Сделай Сам Свою Работу на 5

Памяти Николая Гавриловича Чернышевского





 

Похоже, до греческих календ не отвязаться все-таки от проблемы - покорно прошу извинить! - эстетического отношения искусства к действительности. (Притом следует подчеркнуть, что художественное произведение целенаправленно и невероятно сгущает, гиперболизирует, наделяет самодовлением некое свойство, присущее любому тексту, попадающему, например, в руки историка: в той мере, в какой текст может быть понят как результат более или менее активного языкового пре-творения реальности.) Искусство - для жизни потусторонний и, значит, высший, подлинный мир. Фантастичный, почти неузнаваемый, со своими законами, и т. п., это дело известное. Поэтому Тынянов пытался ввести понятие "лирического героя". Чтобы мы, когда лирик говорит "Я", не решили, что это бытовой Михаил Юрьевич или Осип Эмильевич. Если лирическая поэзия автобиографична, а это всегда более или менее так, если мы даже можем, читая, подставить в текст имена и даты, реальную личность и обстоятельства жизни поэта, короче, "действительность", - то это будет все-таки сомнительным контрабандистским предприятием ввиду "законов речи, запятых, языка". Язык, жанр, внутренняя необходимость стиля и пр. заставляют чувство, событие - самое "Я" - рождаться в поэзии наново и продолжать существование словно бы через метемпсихоз. Это дело известное, хотя и загадочное.

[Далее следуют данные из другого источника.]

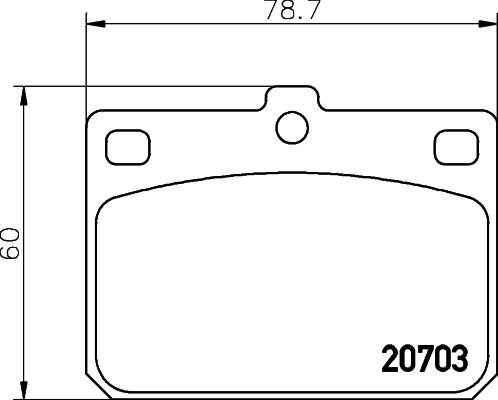 Textar 2070302 - Комплект спирачно феродо, дискови спирачки vvparts.bg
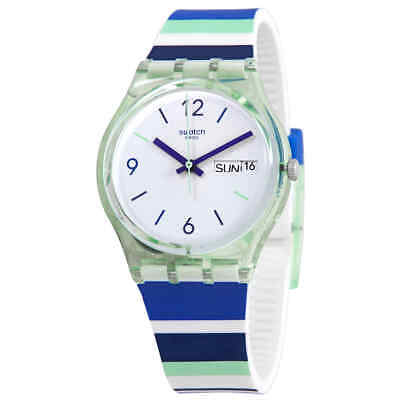 Swatch Sky Zebra Кварцевые часы с белым циферблатом GG711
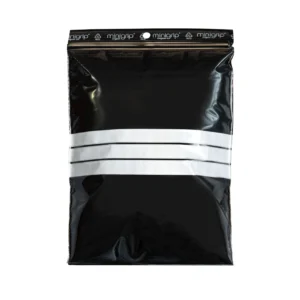 Minigrip® Clasic – negru opac 3 benzi de scriere - 60 μm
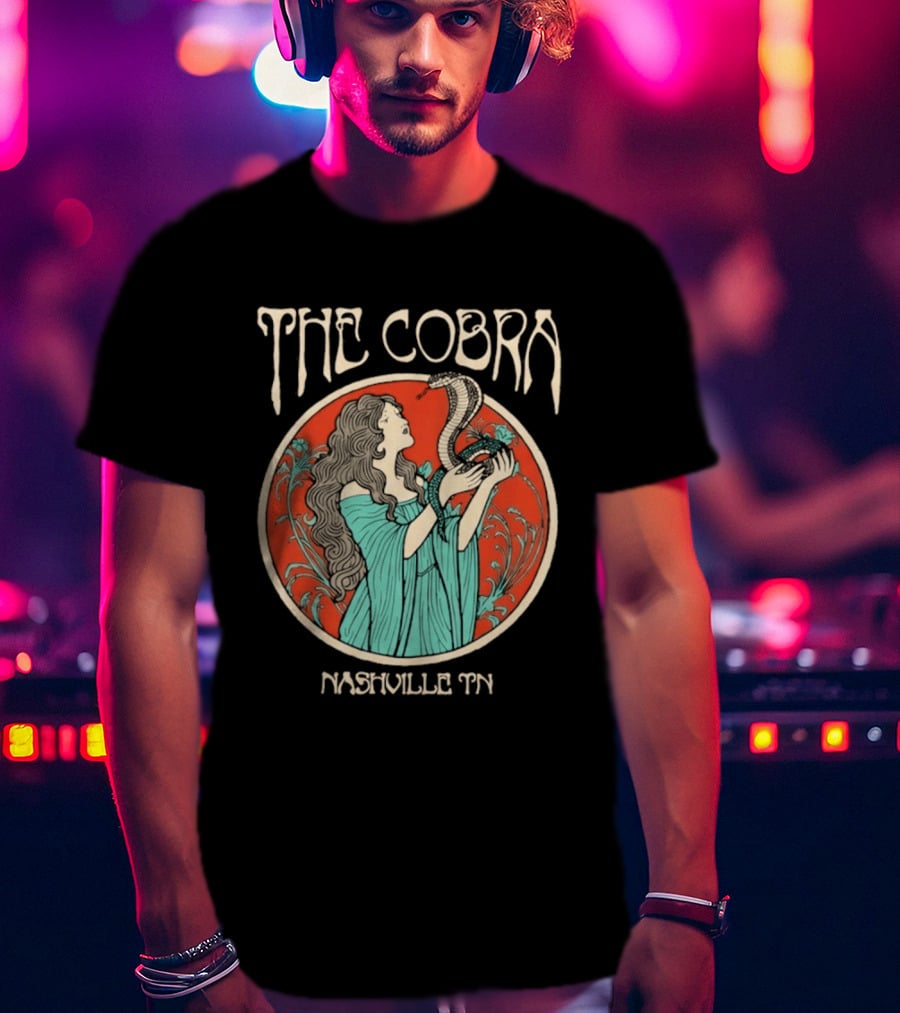 The Cobra Nashville TN Retro Snake T-Shirt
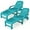 Turquoise, variant on Gymax Set of 2 Patio Adjustable Chaise Lounge Chair Folding Sun Lounger Recliner Black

Ведь и у литературы есть свой потусторонний мир и, значит, тоже высший для нее и подлинный. Это "действительность" - иначе говоря, то, что есть в жизни помимо и сверх искусства. Да, искусство для многих людей - лучшая и высшая доля жизни. "Дискурс", может быть, важней, значительней и в конце концов действительней самой действительности. Но это все же только ее часть. И жизнь универсальней, важней искусства. Речь не о "первичности", а об асимметрии этой неразлучной пары.

Они - как лошадь и всадник, на ней уверенно возвышающийся. Лошадь может обойтись без всадника и останется лошадью. Всадник не может обойтись без лошади, если хочет остаться всадником. Впрочем, поскольку существуют всадники, они смотрятся вместе с лошадьми или примысливаются к ним, отчасти наоборот.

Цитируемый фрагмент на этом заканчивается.